Ottawa attendance has quietly gone down over the last 15 or so years that I have been going to the event although it has been holding more or less steady for the last few years. While we have had a small influx of people moving here from places such as Toronto and Estonia itself, many of those of our first generation Diaspora have simply disappeared. This is not unique to Ottawa and it was most noticeable in Toronto when Aktus was forced to move, first from Massey Hall to Convocation Hall and then a few years ago to Vana-Andrese Church.
One of our recent (since Estonia regained its independence) Ottawa Estonian Society members wondered why so many people with Estonian backgrounds simply chose not to participate and what could be done about this. Was this a deliberate choice or had people simply drifted away and couldn’t be bothered fighting their way through an Ottawa snowstorm. She mentioned that she was aware of many people that were never seen at events.
This person is one of those energetic early middle age women that voluntarily perform a lot of work for the community. We are fortunate in that almost every expatriate Esto community is blessed with this type of Estonian woman. Many are married to men with non-Estonian backgrounds yet their children invariably speak fluent Estonian.
Anyway, I started thinking about what could be done to entice the “lost sheep of the almost lost generation” back into the fold. One way might be to do what was done successfully in Kingston, Ontario and that is to simply advertise in the English language media.
The problem is what do we say? Come rediscover your Estonian roots and have fun? Many of us have heard people complain that it should be fun to be Estonian and this has all too often been missing.

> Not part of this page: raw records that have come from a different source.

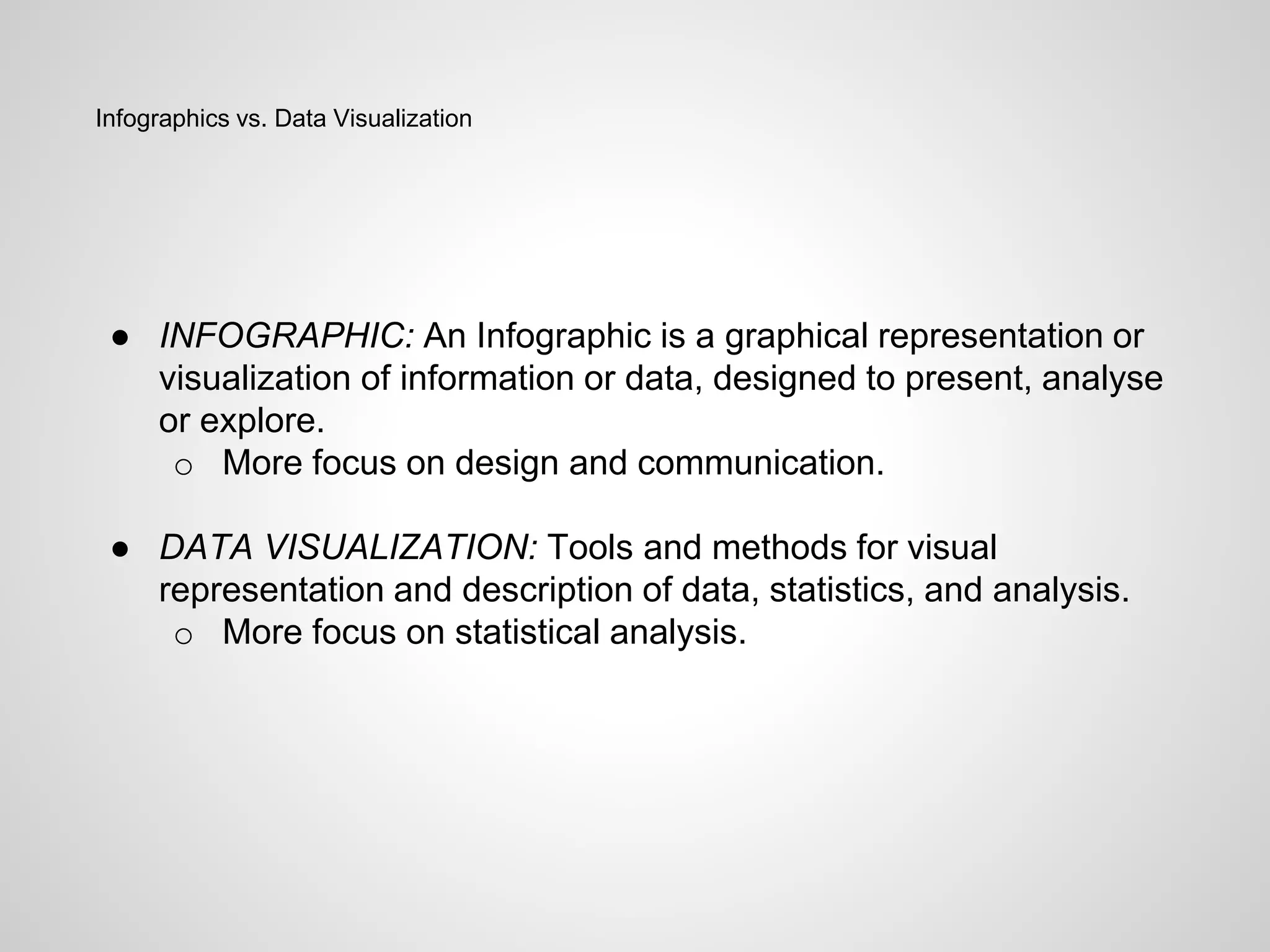 Infographics vs. Data Visualization
● INFOGRAPHIC: An Infographic is a graphical representation or
visualization of information or data, designed to present, analyse
or explore.
o More focus on design and communication.
● DATA VISUALIZATION: Tools and methods for visual
representation and description of data, statistics, and analysis.
o More focus on statistical analysis.
 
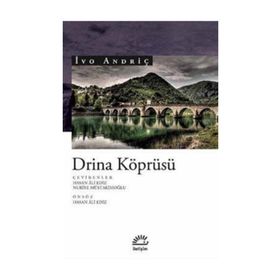 Drina Köprüsü - Ivo Andriç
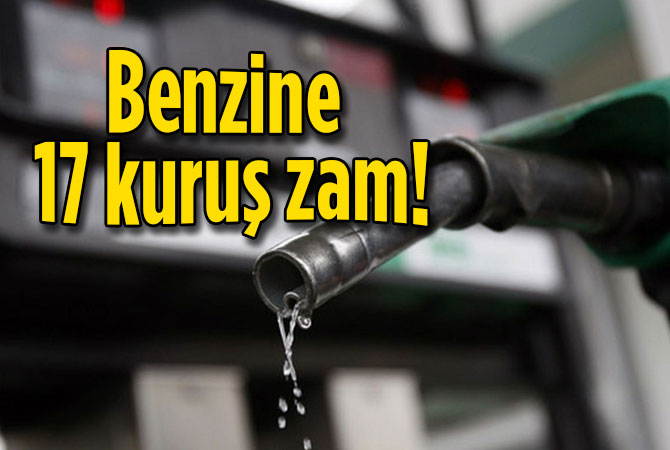 Benzine 17 kuruş zam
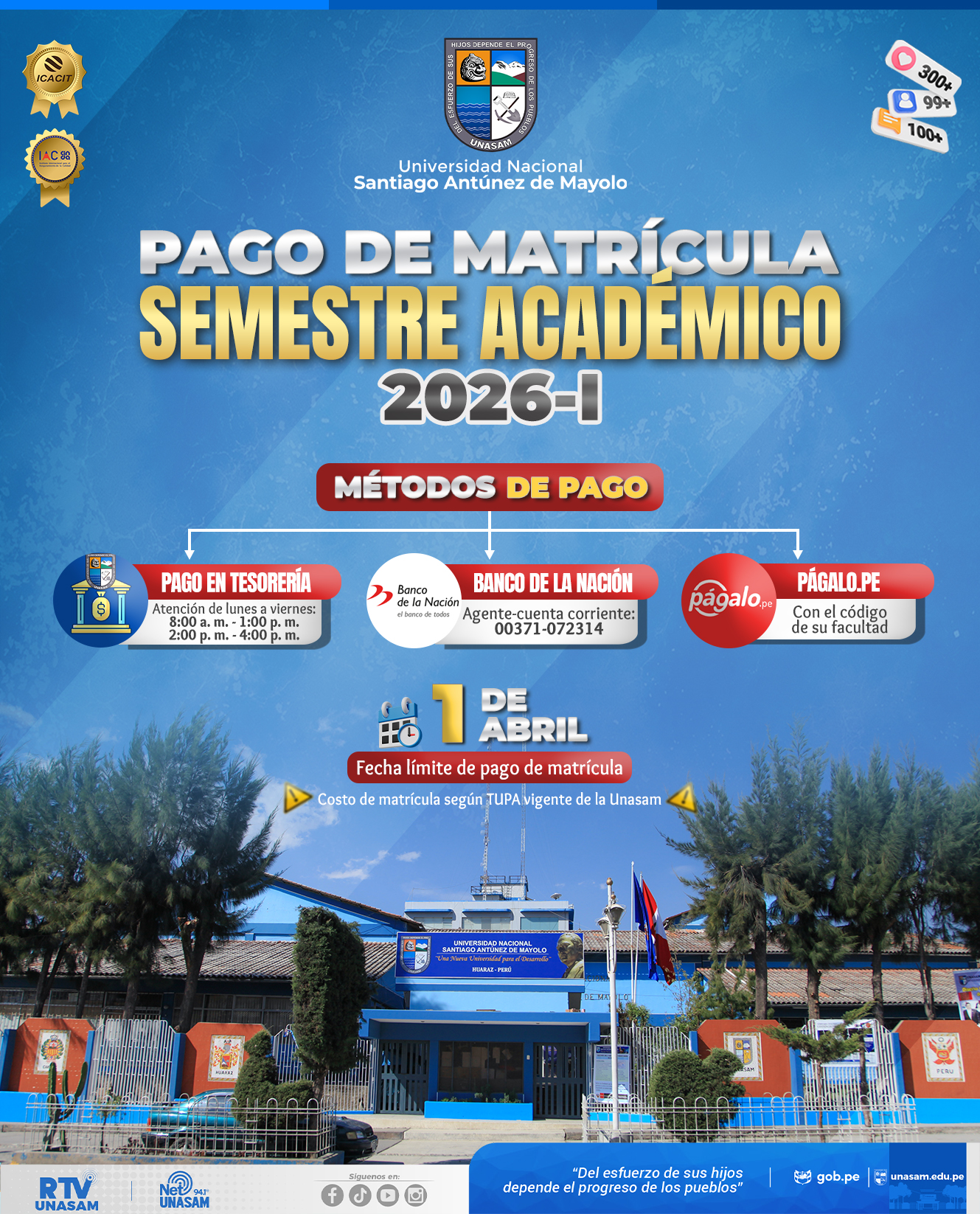  														PAGO DE MATRÍCULA SEMESTRE ACADÉMICO 2026-I
														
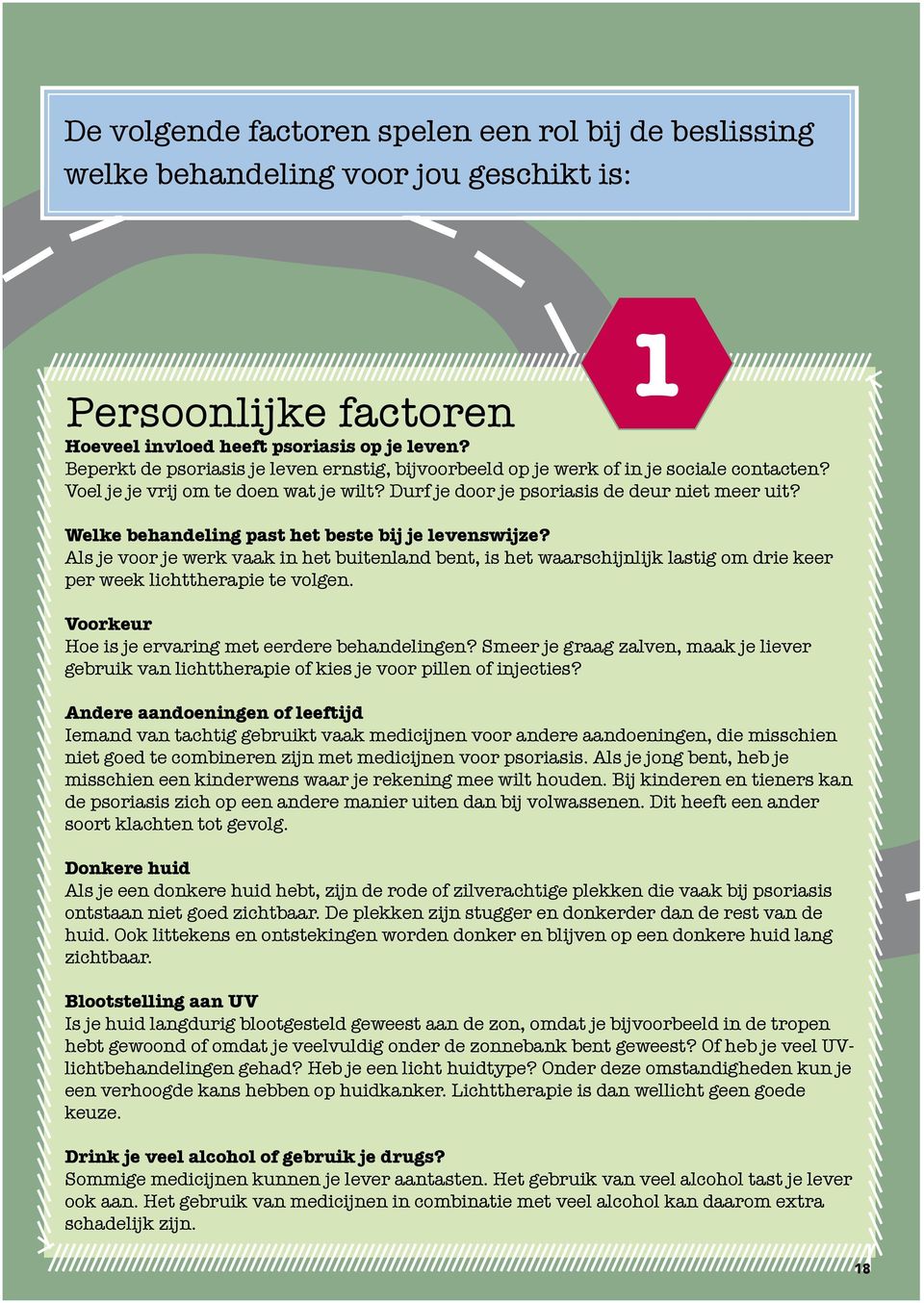 Welke behandeling past het beste bij je levenswijze? Als je voor je werk vaak in het buitenland bent, is het waarschijnlijk lastig om drie keer per week lichttherapie te volgen.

Well, I don’t recall any of my childhood Aktused in southern Ontario being fun — most were downright boring and we took every opportunity to go somewhere and hide when we weren’t otherwise occupied holding (guarding) the flag or selling “lucky dollars” as Scouts and Guides. I suspect it was much the same everywhere else. With the years has come the understanding that the organizers meant well and donated a lot of their time.
I must admit that while the Ottawa Aktused have not necessarily been fun as such, they have been interesting. The speeches have been well balanced between Estonian and English so that spouses and children lacking Esto language skill have not felt left out. Strong political statements and unrealistic exhortations in the speeches have disappeared. Most speeches have dealt with Estonia’s emergence and re-emergence as a sovereign nation and the remarkable positive strides that have been made in the fatherland outside of the half century of foreign occupations. The tone has been upbeat and not as dark as I remember from my childhood.

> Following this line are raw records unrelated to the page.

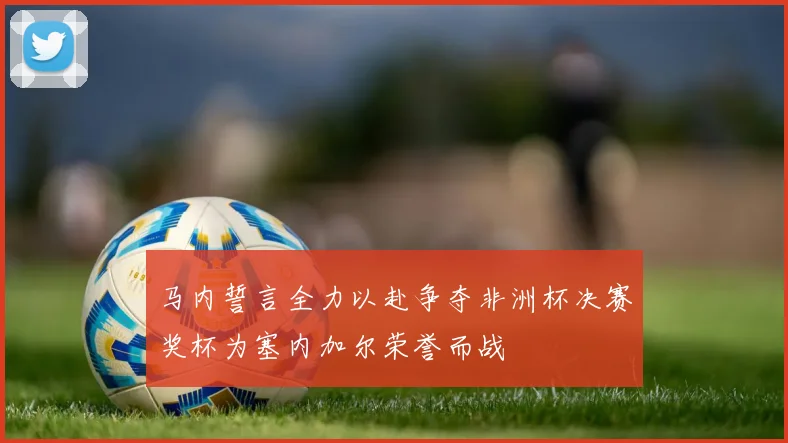 马内誓言全力以赴争夺非洲杯决赛奖杯为塞内加尔荣誉而战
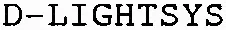 D-LIGHTSYS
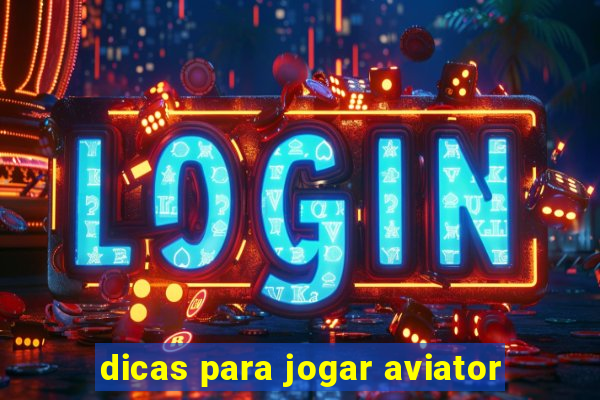 dicas para jogar aviator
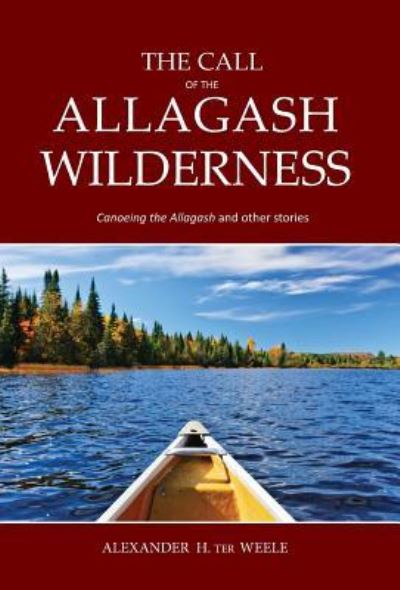 Cover for Alexander H Ter Weele · The Call of the Allagash Wilderness: Canoeing the Allagash and other stories (Gebundenes Buch) (2019)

We seem to have almost no intergenerational conflict and relations are generally excellent between those recently (within the last couple of decades) arrived from the fatherland and people of the “refugee” generation and their offspring. Lately I have found it somewhat strange that people younger than me speak better Estonian and it seems that I hear more spoken Estonian here than at Seedrioru.

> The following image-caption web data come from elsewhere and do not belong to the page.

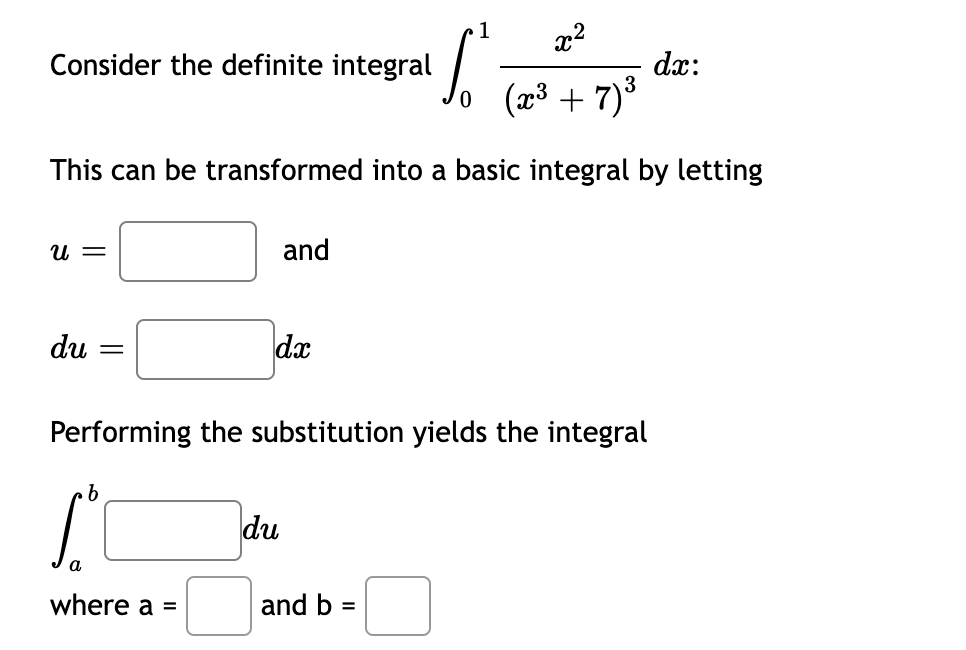 1
x?
Consider the definite integral
dx:
(x3 + 7)3
This can be transformed into a basic integral by letting
U =
and
du
dx
Performing the substitution yields the integral
du
a
where a =
and b
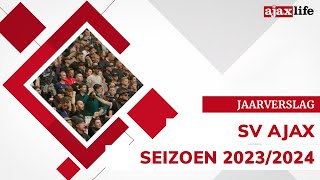 Jaarverslag SV Ajax seizoen 20232024 [upl. by Igiul506]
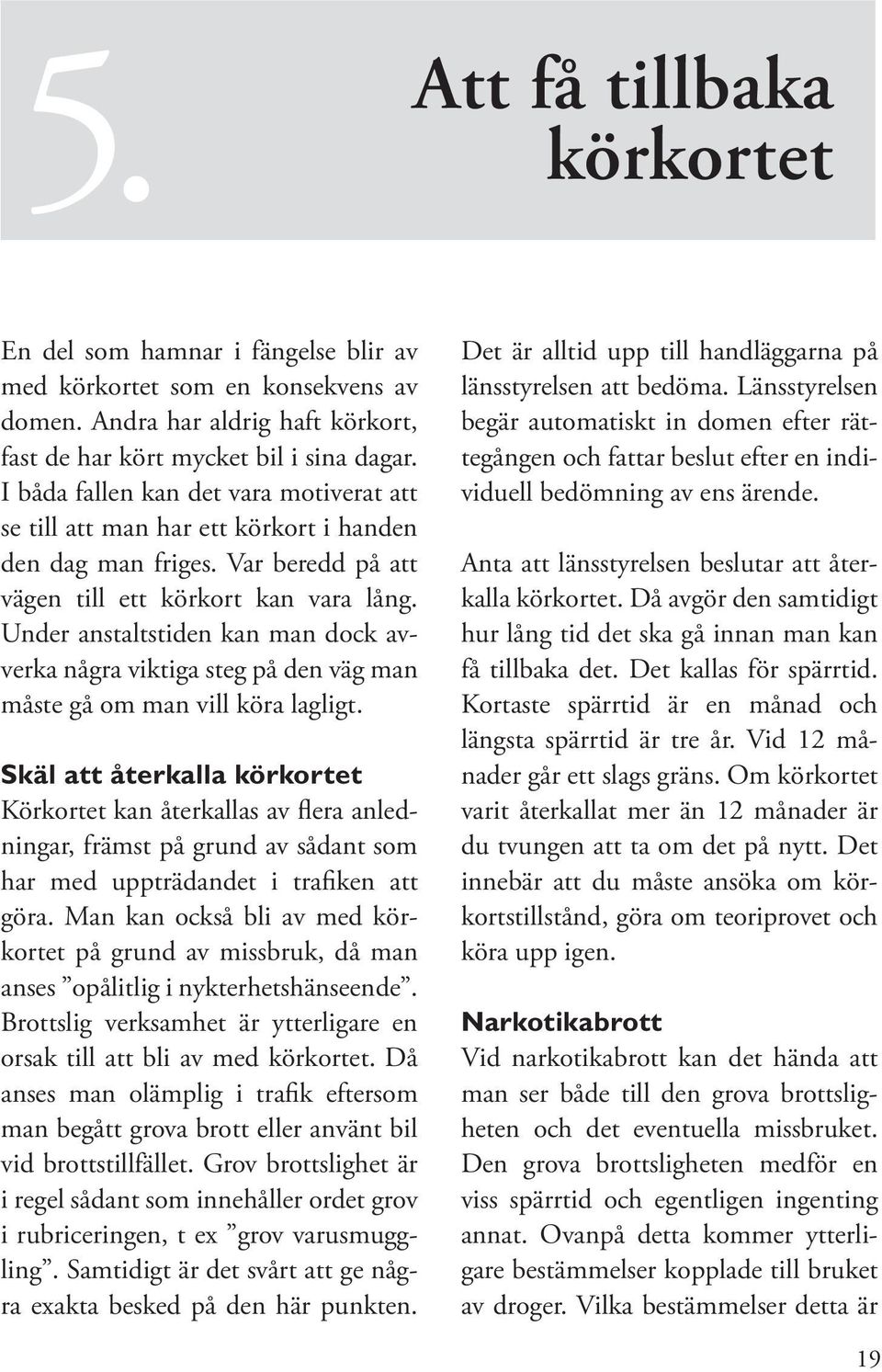 Under anstaltstiden kan man dock avverka några viktiga steg på den väg man måste gå om man vill köra lagligt.
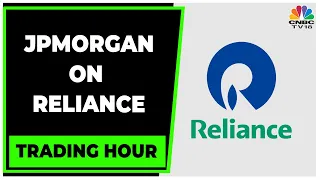 JPMorgan Maintains Overweight On Reliance | Trading Hour | Business News | CNBC-TV18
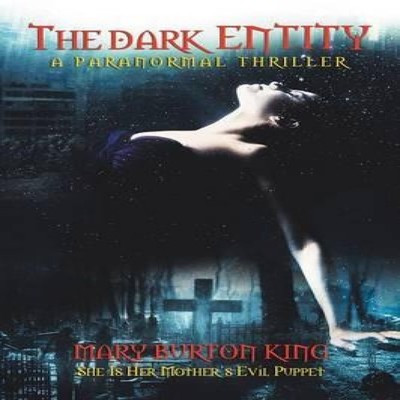 The Dark Entity Mary Burton King Paperback Author Solutions Inc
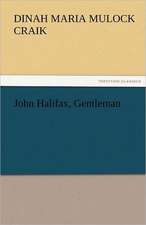 John Halifax, Gentleman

So, I suppose the “come have fun enticement” is better left for an informal announcement of a summer picnic at Seedrioru and we could say something to the effect that “come and rediscover your roots, meet some nice people with similar backgrounds and don’t worry if your language skills are rusty or non existent”.
I think it is good to have an Estonian background and quite often it is fun.
Wish you all a good Vabariigi Aastapäev.